Sommes-nous à la veille d’une crise financière et économique comparable en ampleur et dégâts potentiels à celle de 1929 ? Il ne se passe pas une semaine sans que cette question soit posée par la presse, les économistes ou les politiciens. Il faut dire que la liste des mauvaises nouvelles ne cesse de s’allonger. Il y a d’abord l’économie américaine qui est très vraisemblablement entrée en récession comme l’indiquent plusieurs statistiques récentes. Le consommateur étasunien dépense moins, voit ses avoirs immobiliers perdre de leur valeur et se demande comment il va rembourser ses multiples crédits. Dans le même temps, les entreprises rechignent à investir ce qui n’est jamais bon signe pour l’avenir. Et l’on prétendra ce que l’on voudra, quand l’économie américaine éternue, c’est tôt ou tard, le monde entier, pays émergents compris, qui s’enrhumera.
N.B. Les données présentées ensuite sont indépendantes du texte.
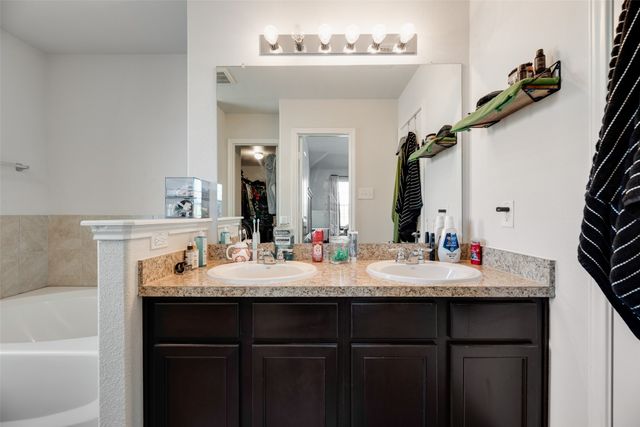 1208 Starling Lane, Ennis, TX 75119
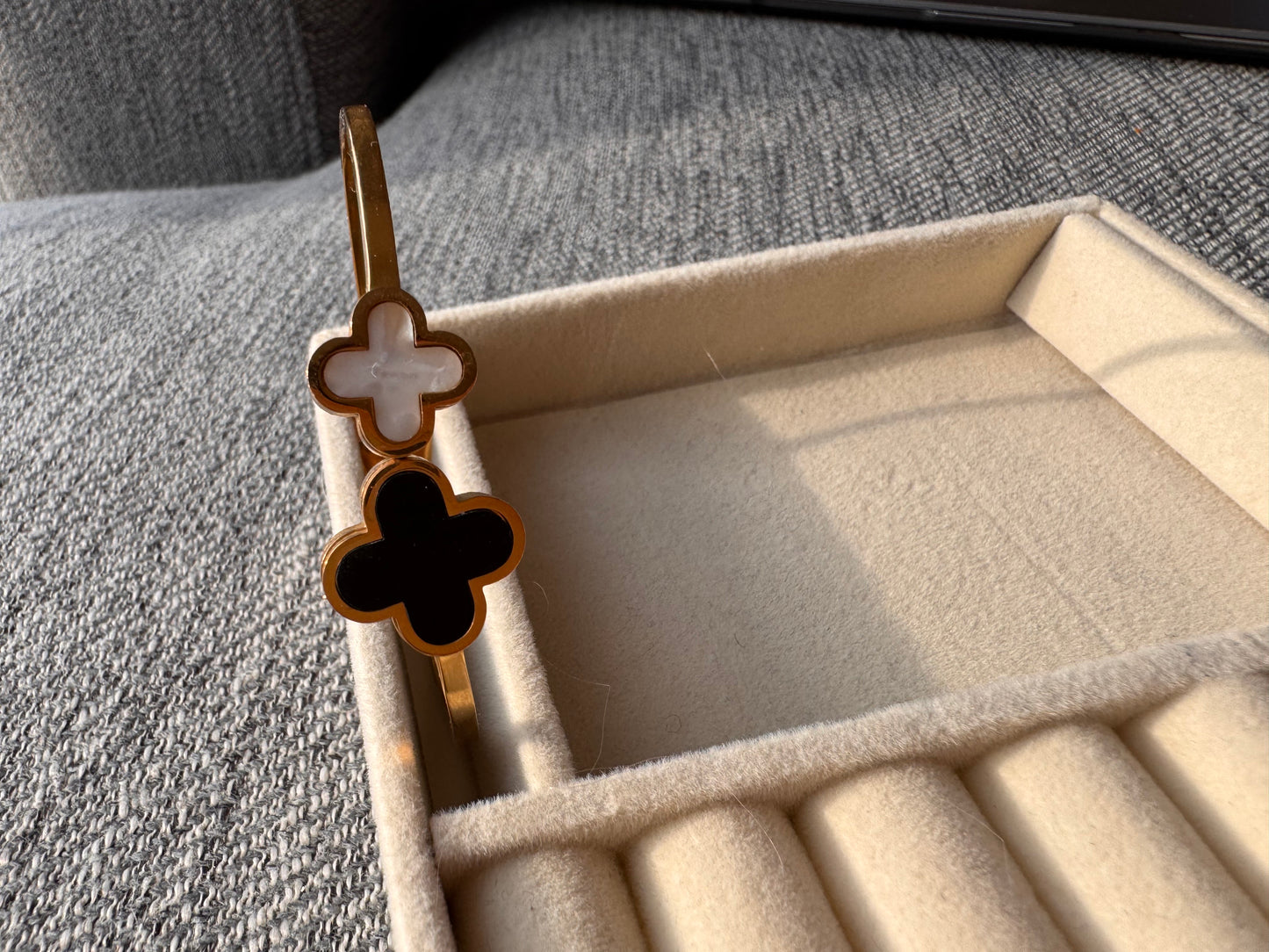 Dual Clover Enamel Cuff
Chute du dollar et interrogations sur les subprimes

Le second problème majeur est la chute continue du dollar. Conséquence de la faiblesse de l’économie américaine, la chute du billet vert atteint désormais 35% par rapport à l’euro depuis 2005. Ce repli, qui désormais inquiète la Maison-Blanche, est une menace réelle pour la stabilité du système financier international. En effet, si jamais cette glissade se poursuit, les détenteurs d’actifs libellés en dollars pourraient être tentés de céder leurs avoirs pour limiter leurs pertes. Un désengagement qui provoquera immanquablement une nouvelle chute de la devise américaine avec ce que cela signifie comme faillites en cascades aux Etats-Unis mais aussi dans tous les pays membres des zones dollars (Amérique latine, Proche-Orient et Golfe,…).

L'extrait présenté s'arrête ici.